VOICES: This word is not for me to use

Jonathan Platt

Jonathan Platt

A few weeks ago, I was discussing music with my students at Central State University. I sang the lyrics of a Biggie Smalls rap. I said all the words to the lyrics, including the n-word.

The next day, several students refused to go to my class and I received a complaint from the dean’s office.

I admitted to saying the n-word and apologized. I also apologized and thanked the class in which it was said. I apologized because my own white privilege got in the way. I thought I could be sensitive and nuanced enough to use that word in my sub-standard review of a famous rap song. I was wrong. I thanked them because somebody in my class was brave enough to speak up and express their unease hearing it from a white person. I was that white person and it was insensitive of me.

There is a lot of white privilege and brutal patronizing packed into the n-word and it must be handled with a tremendous amount of empathy. This word was used not only to submit Black people to the power of white people but to dehumanize them. That is why this word can be used by Black people and not vice-versa.
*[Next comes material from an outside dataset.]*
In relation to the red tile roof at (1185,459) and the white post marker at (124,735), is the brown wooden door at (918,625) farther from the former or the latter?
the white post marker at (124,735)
They are able to find humanity in that word and I’m always impressed how humanely and endearing the n-word is used when addressing one another.
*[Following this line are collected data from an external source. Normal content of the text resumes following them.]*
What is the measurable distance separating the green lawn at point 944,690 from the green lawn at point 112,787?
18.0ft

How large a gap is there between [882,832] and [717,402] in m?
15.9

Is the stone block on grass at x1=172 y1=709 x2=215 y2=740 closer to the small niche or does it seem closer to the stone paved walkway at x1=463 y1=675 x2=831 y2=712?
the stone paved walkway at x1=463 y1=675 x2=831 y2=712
And, no, I don’t see the contradiction — racism is not a two-way street. Racism persists in large part because white people fail to see the central culprit: whiteness, or what Robin DiAngelo would identify as “white fragility.” “White fragility is not weakness per se. In fact, it is a powerful means of white racial control and the protection of white advantage.” Our advantage allows us to be distant, innocent, immune and any other descriptor that washes our hands of involvement.

So, why did I say it in the first place?

Maybe it was my need to break the barrier and show that there are no barriers in our language… but that would be incorrect. Racial inequalities have floated in our language since the 1600s in America. Words and phrases such as “uppity,” “master bedroom,” and “sold down the river” all have origins directly related to white dominance over Black culture.

Maybe I wanted to show that I was genuine by sharing a cultural experience… but there is nothing genuine about holding down one ethnic group for the benefit of another. The white “master race” is probably one of the most disingenuous concepts since the beginning of humanity. I can’t change that by imitating a rap song. I can do better.

This word is not for me to use.

Jonathan Platt is an adjunct instructor at Central State University and Executive Director of Story Chain.